The European Society of Human Reproduction and Embryology tracks fertility rates by age group. Women aged 20 to 24 have the highest conception rates. Between 35 and 39, the rate has fallen substantially, and by 40 to 44, natural conception becomes difficult for many women. After 45, spontaneous pregnancy is rare. Research suggests that age 41 is roughly the point where fertility transitions toward sterility for most women, driven by both fewer eggs and a higher proportion of eggs with chromosomal abnormalities. Miscarriage risk also climbs with age for the same reason.
Perimenopause: A Grey Zone
Perimenopause, the transition leading up to menopause, typically begins in a woman’s 40s but can start in the late 30s. During this phase, cycles become irregular, ovulation happens less frequently, and hormone levels swing unpredictably. Spontaneous conception rates during perimenopause are minimal, largely because of both the reduced number of eggs and their declining quality.
The tricky part is that irregular doesn’t mean impossible. Ovulation can still occur sporadically during perimenopause, which means pregnancy remains a possibility even when periods are infrequent. Women aren’t considered fully infertile until they’ve gone 12 consecutive months without a period, which marks menopause.
Breastfeeding and Postpartum Fertility
After giving birth, breastfeeding can suppress ovulation through a hormonal feedback loop. The frequent stimulation of nursing keeps prolactin levels high, which in turn suppresses the hormones that trigger egg release.
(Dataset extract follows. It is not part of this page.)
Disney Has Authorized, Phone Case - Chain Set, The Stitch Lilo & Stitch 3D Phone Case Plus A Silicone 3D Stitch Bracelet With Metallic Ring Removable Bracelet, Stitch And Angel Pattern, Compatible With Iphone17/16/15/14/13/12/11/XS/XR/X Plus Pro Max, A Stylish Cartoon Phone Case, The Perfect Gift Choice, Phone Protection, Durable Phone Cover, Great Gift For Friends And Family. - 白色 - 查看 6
This effect is reliable enough that the CDC recognizes it as a legitimate contraceptive method, but only when three conditions are all met: your period hasn’t returned, you’re breastfeeding fully or nearly fully (with no more than four hours between daytime feeds and six hours at night), and your baby is under six months old.
Once any of those conditions breaks, whether your period returns, you start supplementing with formula, or the baby passes the six-month mark, ovulation can resume quickly and unpredictably. Many women assume breastfeeding provides blanket protection, but the window where it’s genuinely effective is narrow and conditional.
After Stopping Hormonal Contraception
If you’ve been on hormonal birth control, there’s typically a short delay before fertility returns to normal. A large study from Boston University found that the timeline depends on the method. Hormonal and copper IUDs and implants have the shortest delay, with fertility returning in about two menstrual cycles. Oral contraceptives and vaginal rings take roughly three cycles. Patch users averaged four cycles.
Injectable contraceptives have the longest rebound period by a significant margin: five to eight cycles before normal fertility resumes. If you’ve been on the shot and are wondering why conception isn’t happening right away, that delay is well documented and normal. For most other methods, the earlier research consensus of about a three-month return window still holds.
Lifestyle Factors That Reduce Fertility
Beyond cycle timing and age, several modifiable factors can push fertility lower. Body weight is one of the most studied. Both very low and very high BMI can disrupt ovulation. Being significantly underweight can cause the body to stop releasing eggs entirely, a protective response to perceived energy scarcity. On the higher end, excess body fat alters hormone levels in ways that interfere with regular ovulation and egg quality. Fertility clinics commonly set BMI thresholds for treatment, recognizing that weight plays a direct role in reproductive outcomes.
Chronic stress, smoking, and heavy alcohol use also reduce fertility. Smoking accelerates egg loss and can move menopause earlier by several years. Alcohol, even at moderate levels, has been linked to longer time-to-conception in some studies. These factors don’t create a sharp cutoff the way age does, but they compound over time, particularly for women already in their mid-30s or older where the margin is thinner.